### Directions for this task
In the entries below, every line that contains "Naples" must be located and copied.

### Record excerpts
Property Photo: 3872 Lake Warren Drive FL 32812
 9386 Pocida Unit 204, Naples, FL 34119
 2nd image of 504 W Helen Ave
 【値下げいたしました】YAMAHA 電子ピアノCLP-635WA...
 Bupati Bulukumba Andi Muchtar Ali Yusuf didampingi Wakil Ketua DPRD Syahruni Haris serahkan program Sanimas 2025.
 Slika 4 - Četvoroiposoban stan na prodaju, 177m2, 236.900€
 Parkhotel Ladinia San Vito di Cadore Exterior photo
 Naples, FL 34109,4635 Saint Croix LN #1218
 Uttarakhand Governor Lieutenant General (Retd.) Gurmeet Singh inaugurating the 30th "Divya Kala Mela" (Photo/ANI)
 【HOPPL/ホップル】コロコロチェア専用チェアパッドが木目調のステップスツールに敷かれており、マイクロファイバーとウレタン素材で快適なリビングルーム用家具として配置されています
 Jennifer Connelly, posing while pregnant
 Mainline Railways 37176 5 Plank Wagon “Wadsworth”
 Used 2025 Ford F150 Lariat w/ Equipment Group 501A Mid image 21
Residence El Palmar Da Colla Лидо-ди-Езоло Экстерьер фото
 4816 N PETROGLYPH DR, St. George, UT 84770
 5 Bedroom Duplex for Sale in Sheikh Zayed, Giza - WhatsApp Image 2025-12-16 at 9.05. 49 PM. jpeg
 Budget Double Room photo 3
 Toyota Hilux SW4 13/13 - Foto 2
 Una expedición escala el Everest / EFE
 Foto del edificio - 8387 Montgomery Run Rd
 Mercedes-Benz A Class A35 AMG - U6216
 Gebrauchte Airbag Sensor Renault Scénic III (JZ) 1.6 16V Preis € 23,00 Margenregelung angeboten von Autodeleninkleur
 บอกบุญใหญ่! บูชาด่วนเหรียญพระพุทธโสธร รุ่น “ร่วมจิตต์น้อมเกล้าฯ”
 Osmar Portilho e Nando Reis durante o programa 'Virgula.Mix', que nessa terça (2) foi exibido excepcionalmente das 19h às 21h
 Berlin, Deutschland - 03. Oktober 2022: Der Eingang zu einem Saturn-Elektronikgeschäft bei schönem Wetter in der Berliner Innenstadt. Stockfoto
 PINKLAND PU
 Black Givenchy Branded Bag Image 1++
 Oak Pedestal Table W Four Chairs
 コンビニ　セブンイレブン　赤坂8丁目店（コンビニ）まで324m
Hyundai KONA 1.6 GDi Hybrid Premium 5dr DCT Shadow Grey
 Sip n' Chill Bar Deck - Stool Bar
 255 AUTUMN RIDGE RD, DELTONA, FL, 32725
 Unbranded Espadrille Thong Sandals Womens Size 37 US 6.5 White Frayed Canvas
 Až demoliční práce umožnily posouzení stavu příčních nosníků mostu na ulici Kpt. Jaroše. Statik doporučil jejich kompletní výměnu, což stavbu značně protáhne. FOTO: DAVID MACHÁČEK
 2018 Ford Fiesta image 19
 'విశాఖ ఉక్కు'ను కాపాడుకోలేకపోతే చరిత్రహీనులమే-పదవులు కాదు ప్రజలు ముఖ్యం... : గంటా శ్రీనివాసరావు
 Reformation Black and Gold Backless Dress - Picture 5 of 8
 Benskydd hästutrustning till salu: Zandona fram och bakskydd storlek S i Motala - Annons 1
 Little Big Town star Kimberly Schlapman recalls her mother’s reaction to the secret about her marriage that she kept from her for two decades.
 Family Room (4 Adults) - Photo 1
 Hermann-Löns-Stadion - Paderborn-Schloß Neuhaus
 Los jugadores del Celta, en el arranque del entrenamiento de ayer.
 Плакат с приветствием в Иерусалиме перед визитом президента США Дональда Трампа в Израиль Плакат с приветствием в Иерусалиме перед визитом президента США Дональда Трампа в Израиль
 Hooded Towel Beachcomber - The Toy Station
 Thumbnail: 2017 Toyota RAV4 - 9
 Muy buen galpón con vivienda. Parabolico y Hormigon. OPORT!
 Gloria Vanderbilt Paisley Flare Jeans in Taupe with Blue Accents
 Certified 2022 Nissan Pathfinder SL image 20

### Answer space
 9386 Pocida Unit 204, Naples, FL 34119
 Naples, FL 34109,4635 Saint Croix LN #1218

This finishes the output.